Kalshi and Polymarket Enter Crypto Derivatives Race with Perpetual Futures
Two of the largest prediction market platforms in the United States are entering the crypto derivatives space in a closely timed rollout, reshaping how these platforms compete for traders. Kalshi, a CFTC-regulated prediction market platform valued at $11 billion, will launch cryptocurrency perpetual futures on April 27 in New York City.
The product, teased under the codename “Timeless,” reflects its core feature: contracts with no expiration date. CEO Tarek Mansour revealed the launch date via a cryptic LinkedIn video featuring a rotating torus shape. At launch, Bitcoin and several other cryptocurrencies will be supported, with U.S. dollars as the initial accepted collateral.
Polymarket Fires Back Days Earlier
Hours before Kalshi’s announcement on April 21, rival Polymarket made its own move. The $9 billion-valued platform announced the launch of perpetual futures trading on X, enabling users to go long or short on prediction market outcomes around the clock without waiting for event contracts to expire.
Polymarket framed its product as a way to “go long or short the markets you know 24/7,” positioning itself ahead of Kalshi’s April 27 launch.
How Perpetual Crypto Futures Work
Perpetual futures differ from standard event contracts in key ways.
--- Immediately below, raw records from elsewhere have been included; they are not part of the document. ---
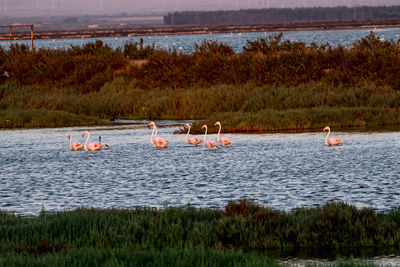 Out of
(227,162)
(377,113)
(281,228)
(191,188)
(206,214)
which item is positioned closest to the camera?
(281,228)

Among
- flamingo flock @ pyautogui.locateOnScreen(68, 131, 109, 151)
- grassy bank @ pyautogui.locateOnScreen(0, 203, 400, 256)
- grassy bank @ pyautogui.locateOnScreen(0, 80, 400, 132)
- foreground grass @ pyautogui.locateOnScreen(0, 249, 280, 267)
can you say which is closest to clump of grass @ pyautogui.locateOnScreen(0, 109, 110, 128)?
grassy bank @ pyautogui.locateOnScreen(0, 80, 400, 132)

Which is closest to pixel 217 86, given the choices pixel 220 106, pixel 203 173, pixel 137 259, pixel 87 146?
pixel 220 106

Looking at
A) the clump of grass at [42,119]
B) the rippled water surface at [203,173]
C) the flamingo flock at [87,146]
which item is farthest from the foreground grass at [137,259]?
the clump of grass at [42,119]

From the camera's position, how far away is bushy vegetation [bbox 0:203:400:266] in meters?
12.4

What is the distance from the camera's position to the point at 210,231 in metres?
12.9

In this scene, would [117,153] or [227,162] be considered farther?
[117,153]

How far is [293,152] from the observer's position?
25656 millimetres

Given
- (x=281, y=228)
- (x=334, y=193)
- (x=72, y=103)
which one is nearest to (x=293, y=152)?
(x=334, y=193)

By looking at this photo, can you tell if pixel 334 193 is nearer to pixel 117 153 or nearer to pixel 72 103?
pixel 117 153

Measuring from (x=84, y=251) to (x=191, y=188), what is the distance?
8015mm

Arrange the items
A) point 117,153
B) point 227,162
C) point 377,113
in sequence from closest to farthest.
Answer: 1. point 227,162
2. point 117,153
3. point 377,113

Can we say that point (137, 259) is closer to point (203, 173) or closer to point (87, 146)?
point (203, 173)

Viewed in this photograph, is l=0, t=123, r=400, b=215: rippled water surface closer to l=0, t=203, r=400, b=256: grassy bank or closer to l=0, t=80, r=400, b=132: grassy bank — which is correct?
l=0, t=203, r=400, b=256: grassy bank

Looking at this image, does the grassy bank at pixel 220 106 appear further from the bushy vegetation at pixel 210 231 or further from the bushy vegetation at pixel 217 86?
the bushy vegetation at pixel 210 231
Traders can hold positions on asset prices without owning the underlying token, and a funding rate mechanism keeps the contract price aligned with spot markets.
For Kalshi, this marks its first venture beyond event-based binary contracts. For Polymarket, it adds a continuous trading layer to a platform that previously operated on a resolution-based model.
Market Momentum and Regulatory Edge
Both platforms enter this product race with strong momentum. Prediction market transactions hit a record 192 million in March 2026. Kalshi reported monthly crypto trading volumes above $1 billion in March for the first time, based on user-compiled data from Dune Analytics. Kalshi processes more than $100 billion in annualized trading volume, while Polymarket reported weekly notional volume above $1 billion through the first quarter of 2026.
Kalshi’s regulatory standing under the CFTC gives it a structural advantage over offshore derivatives platforms. The CFTC chair has indicated plans to bring perpetual futures under its oversight, a development that could favor regulated venues. Kalshi also plans to introduce stablecoin collateral for its perpetual products in the second quarter.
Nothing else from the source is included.